[[ GIVEN RECORDS open ]]

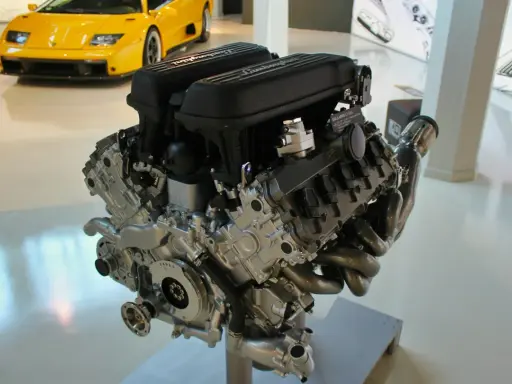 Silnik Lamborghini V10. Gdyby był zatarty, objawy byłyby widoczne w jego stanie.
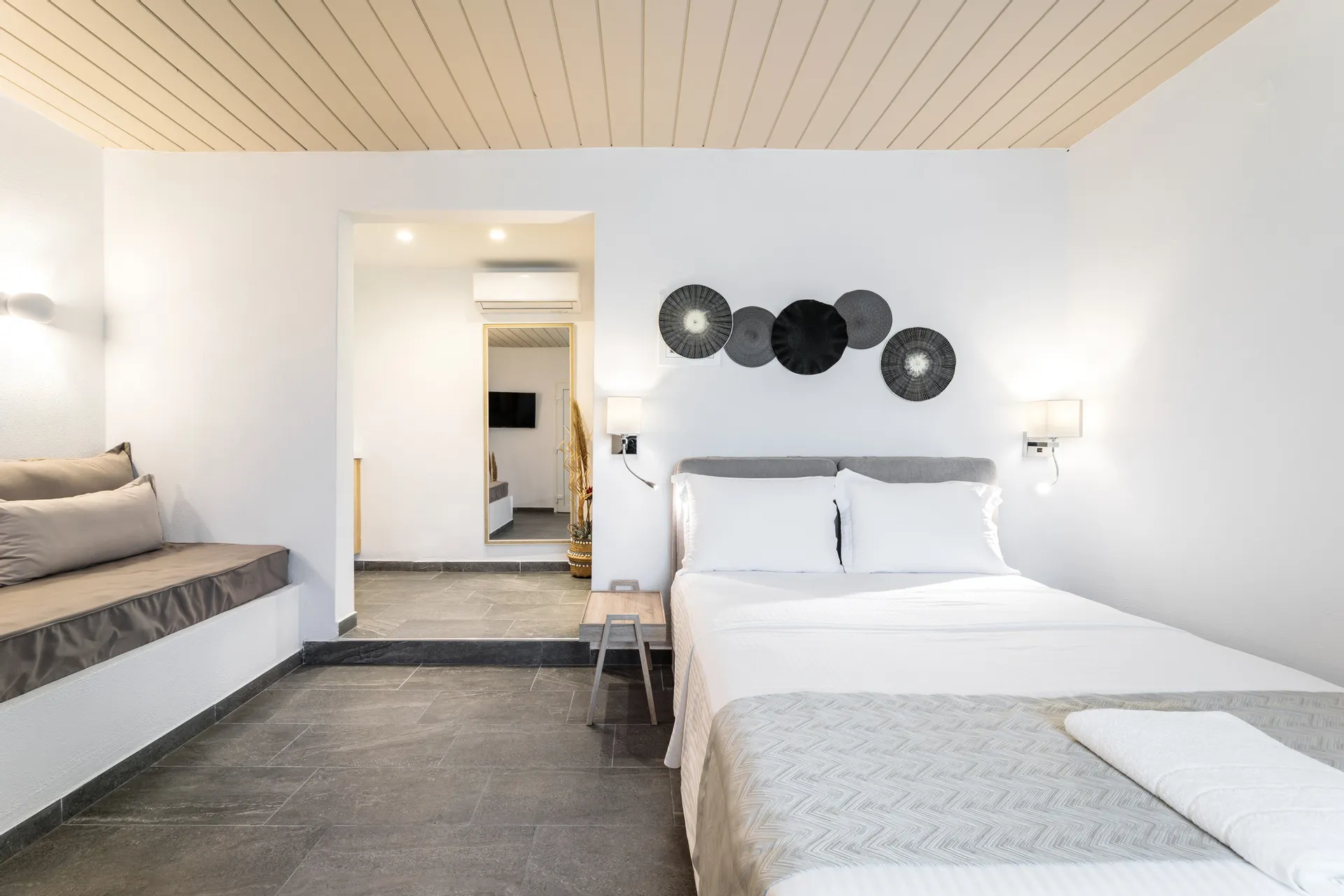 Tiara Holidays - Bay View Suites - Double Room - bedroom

[[ GIVEN RECORDS closed ]]
[[ GIVEN RECORDS open ]]

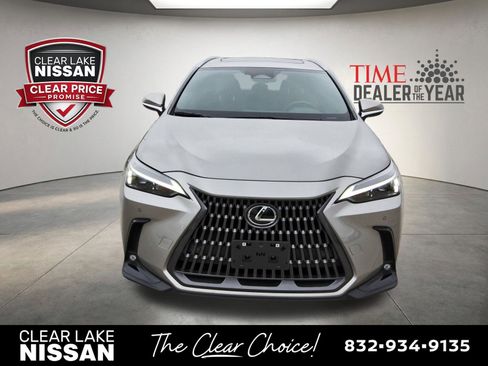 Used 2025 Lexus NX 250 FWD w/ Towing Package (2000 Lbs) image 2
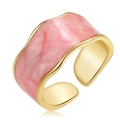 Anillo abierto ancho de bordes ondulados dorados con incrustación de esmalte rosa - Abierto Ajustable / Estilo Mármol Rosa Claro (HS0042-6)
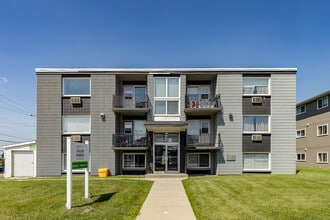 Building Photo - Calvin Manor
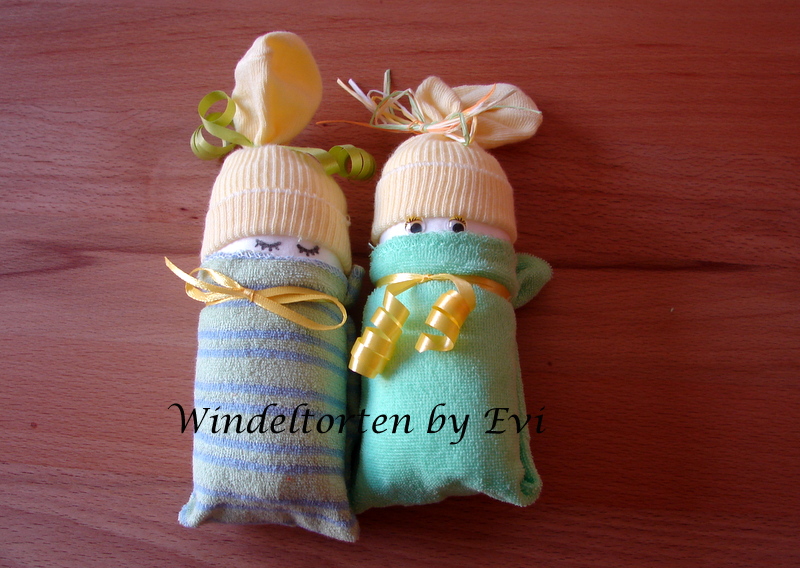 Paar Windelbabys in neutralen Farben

[[ GIVEN RECORDS closed ]]
[[ GIVEN RECORDS open ]]

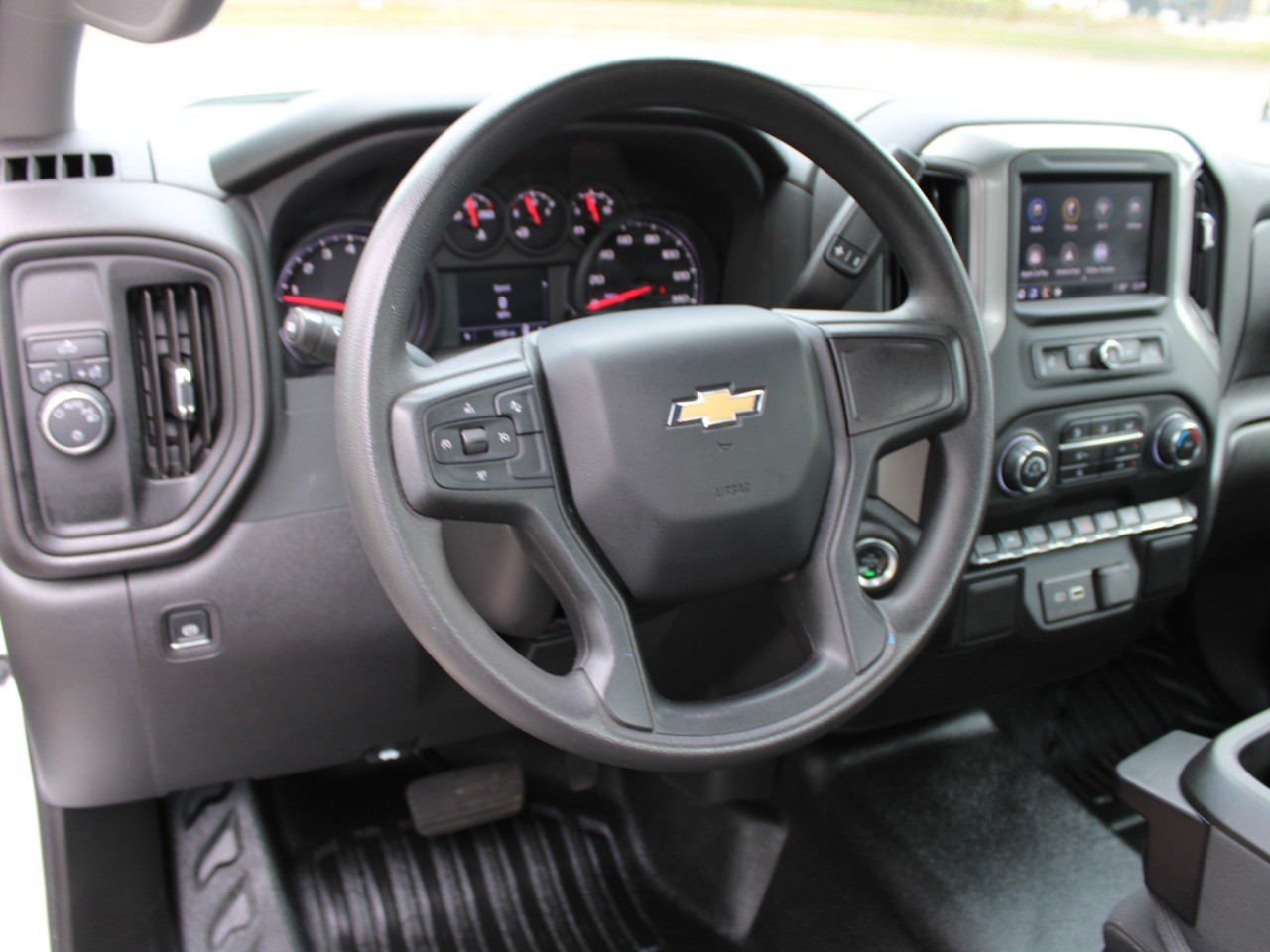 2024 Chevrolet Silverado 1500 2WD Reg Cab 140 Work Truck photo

[[ GIVEN RECORDS closed ]]

Please set down, exactly and with no pictures, the lines in the entries above starting at the one holding "Silnik Lamborghini V10." and ending at the one holding "Tiara Holidays - Bay", ends included.

 Silnik Lamborghini V10. Gdyby był zatarty, objawy byłyby widoczne w jego stanie.
 Tiara Holidays - Bay View Suites - Double Room - bedroom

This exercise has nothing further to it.